IAM policy to connect to druid

Hi All,

I am a newbie to Apache Druid and aws. We have druid installed on ec2 instances of AWS. We have a shell script that ingests the data to druid. To connect to druid, we made use of access key and secret key. THe data was loaded successfully. We are now looking to ingest the data using the IAM roles. We created a IAM policy something like this:

Action:ec2:*
resources : *

When we give full permissions to ec2 , we are able to run our job successfully. However we want to know specific permissions that we should give ec2 to access the Druid. If anyone has come across this scenario kindly help us on this. If you can provide the list of Actions for ec2 that would be really helpful.

Welcome @Robin1! The AWS Authentication doc may be useful.

The policy attached to your IAM role has to contain the necessary permissions, and those permissions depend on the value of useListShards.
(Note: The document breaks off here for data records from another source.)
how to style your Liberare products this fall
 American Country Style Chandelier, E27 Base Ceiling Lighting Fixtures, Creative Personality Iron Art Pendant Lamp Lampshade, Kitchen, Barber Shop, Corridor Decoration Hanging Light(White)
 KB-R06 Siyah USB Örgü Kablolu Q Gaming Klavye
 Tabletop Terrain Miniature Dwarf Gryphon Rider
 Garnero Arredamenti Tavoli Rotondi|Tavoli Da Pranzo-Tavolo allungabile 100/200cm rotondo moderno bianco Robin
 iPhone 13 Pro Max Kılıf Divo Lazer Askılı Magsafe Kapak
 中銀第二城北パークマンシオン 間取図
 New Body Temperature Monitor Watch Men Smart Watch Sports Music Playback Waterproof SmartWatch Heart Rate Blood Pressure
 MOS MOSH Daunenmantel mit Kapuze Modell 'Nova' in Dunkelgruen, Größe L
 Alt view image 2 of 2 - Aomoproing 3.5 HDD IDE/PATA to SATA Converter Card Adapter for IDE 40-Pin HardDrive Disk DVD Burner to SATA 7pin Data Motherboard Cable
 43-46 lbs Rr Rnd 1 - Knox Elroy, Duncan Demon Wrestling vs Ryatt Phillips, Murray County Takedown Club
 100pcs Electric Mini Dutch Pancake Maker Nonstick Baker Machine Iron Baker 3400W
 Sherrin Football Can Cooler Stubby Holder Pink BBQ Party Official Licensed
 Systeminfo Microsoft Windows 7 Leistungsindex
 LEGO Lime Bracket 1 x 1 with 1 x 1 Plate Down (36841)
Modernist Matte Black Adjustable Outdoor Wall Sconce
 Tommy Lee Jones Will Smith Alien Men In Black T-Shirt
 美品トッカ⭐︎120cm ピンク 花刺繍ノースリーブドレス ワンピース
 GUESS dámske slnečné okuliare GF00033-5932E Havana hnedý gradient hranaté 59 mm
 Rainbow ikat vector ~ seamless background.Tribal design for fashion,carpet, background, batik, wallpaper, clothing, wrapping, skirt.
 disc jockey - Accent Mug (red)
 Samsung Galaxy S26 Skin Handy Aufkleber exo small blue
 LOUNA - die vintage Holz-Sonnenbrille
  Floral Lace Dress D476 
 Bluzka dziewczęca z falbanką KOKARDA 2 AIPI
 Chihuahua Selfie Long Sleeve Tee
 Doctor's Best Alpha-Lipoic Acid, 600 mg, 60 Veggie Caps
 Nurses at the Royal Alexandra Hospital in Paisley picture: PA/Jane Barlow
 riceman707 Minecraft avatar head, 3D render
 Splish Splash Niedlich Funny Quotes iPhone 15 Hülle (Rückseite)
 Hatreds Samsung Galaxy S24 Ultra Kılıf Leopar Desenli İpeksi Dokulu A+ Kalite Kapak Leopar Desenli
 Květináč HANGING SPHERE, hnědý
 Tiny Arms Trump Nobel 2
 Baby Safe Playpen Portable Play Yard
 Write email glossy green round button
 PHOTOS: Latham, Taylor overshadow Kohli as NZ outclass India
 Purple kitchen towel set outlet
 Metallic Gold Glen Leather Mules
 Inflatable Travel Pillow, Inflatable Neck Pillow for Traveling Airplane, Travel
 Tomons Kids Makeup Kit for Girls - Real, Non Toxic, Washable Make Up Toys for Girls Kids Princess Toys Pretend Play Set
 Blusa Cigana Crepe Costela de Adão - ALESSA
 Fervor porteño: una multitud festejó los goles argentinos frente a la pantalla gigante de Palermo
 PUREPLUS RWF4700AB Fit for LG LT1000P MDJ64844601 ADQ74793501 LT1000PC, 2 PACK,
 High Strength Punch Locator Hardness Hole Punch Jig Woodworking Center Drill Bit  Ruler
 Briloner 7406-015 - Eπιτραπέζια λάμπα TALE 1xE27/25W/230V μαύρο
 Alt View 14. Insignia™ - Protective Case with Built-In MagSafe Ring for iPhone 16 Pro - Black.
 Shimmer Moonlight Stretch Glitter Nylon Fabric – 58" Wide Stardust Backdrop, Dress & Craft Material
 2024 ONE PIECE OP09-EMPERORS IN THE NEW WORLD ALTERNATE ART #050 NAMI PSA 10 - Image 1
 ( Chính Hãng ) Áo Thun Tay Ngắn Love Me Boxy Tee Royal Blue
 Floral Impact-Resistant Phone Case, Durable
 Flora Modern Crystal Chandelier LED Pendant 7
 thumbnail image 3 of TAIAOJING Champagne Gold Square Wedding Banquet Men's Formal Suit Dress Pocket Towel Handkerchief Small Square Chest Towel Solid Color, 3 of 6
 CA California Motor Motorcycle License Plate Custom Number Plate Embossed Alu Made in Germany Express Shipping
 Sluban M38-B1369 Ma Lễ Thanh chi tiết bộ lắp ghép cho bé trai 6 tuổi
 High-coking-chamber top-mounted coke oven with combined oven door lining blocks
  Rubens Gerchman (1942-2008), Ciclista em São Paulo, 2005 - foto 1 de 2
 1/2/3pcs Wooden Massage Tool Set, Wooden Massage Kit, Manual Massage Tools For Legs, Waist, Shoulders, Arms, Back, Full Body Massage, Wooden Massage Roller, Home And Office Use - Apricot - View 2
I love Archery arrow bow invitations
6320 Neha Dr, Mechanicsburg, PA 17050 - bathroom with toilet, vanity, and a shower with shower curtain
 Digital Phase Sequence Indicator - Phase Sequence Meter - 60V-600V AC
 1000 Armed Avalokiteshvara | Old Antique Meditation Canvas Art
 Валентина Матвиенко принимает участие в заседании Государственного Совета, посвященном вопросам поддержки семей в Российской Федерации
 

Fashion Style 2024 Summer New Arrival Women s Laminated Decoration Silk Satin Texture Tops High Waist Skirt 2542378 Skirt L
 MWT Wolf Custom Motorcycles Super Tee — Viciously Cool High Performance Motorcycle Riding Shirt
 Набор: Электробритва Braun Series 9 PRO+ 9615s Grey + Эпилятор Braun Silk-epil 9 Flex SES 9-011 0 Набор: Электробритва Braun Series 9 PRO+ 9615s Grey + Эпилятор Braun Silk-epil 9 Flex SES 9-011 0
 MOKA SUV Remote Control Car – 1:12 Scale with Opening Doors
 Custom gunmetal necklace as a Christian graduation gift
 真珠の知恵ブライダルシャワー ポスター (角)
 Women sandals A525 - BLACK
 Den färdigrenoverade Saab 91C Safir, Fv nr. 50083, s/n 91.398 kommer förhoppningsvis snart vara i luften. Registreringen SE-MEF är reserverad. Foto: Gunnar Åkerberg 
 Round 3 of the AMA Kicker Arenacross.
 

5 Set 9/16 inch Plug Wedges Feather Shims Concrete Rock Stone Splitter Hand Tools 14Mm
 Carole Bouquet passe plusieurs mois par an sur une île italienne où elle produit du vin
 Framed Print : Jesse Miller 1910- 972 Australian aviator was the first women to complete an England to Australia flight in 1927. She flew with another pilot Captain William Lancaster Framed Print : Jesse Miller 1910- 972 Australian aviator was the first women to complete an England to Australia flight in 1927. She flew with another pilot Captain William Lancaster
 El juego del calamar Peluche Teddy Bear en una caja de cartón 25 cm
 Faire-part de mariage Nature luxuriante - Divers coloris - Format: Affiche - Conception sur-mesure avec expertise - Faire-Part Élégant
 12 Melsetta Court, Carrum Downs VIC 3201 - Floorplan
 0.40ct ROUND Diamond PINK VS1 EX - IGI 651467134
If useListShards is set to true:

  • ListStreams: required to list your data streams
  • Get*: required for GetShardIterator
  • GetRecords: required to get data records from a data stream’s shard
  • ListShards : required to get the shards for a stream of interest

Here’s a corresponding example policy:

[
  {
    "Effect": "Allow",
    "Action": ["kinesis:List*"],
    "Resource": ["*"]
  },
  {
    "Effect": "Allow",
    "Action": ["kinesis:Get*"],
    "Resource": [<ARN for shards to be ingested>]
  }
]

If useListShards is set to false:

  • ListStreams: required to list your data streams
  • Get*: required for GetShardIterator
  • GetRecords: required to get data records from a data stream’s shard
  • DescribeStream: required to describe the specified data stream

Here’s a corresponding example policy:

[
  {
    "Effect": "Allow",
    "Action": ["kinesis:ListStreams"],
    "Resource": ["*"]
  },
  {
    "Effect": "Allow",
    "Action": ["kinesis:DescribeStreams"],
    "Resource": ["*"]
  },
  {
    "Effect": "Allow",
    "Action": ["kinesis:Get*"],
    "Resource": [<ARN for shards to be ingested>]
  }
]

Let us know how it goes.

Thank you Mark for your response. We are using native batch ingestion(index_parallel) and in the ingestion spec we had given the access key and secret key. It works fine this way. We also have the access key and secret key stored in common_runtime.properties but the ask is now to remove the access key and secret key from these places and instead use IAM role. In the documentation, it is mentioned that the access key and secret key is to be placed in the common_runtime.properties. Is it possible that we can use IAM roles instead and if yes what permissions should we use for this ? Thank you again for looking into this.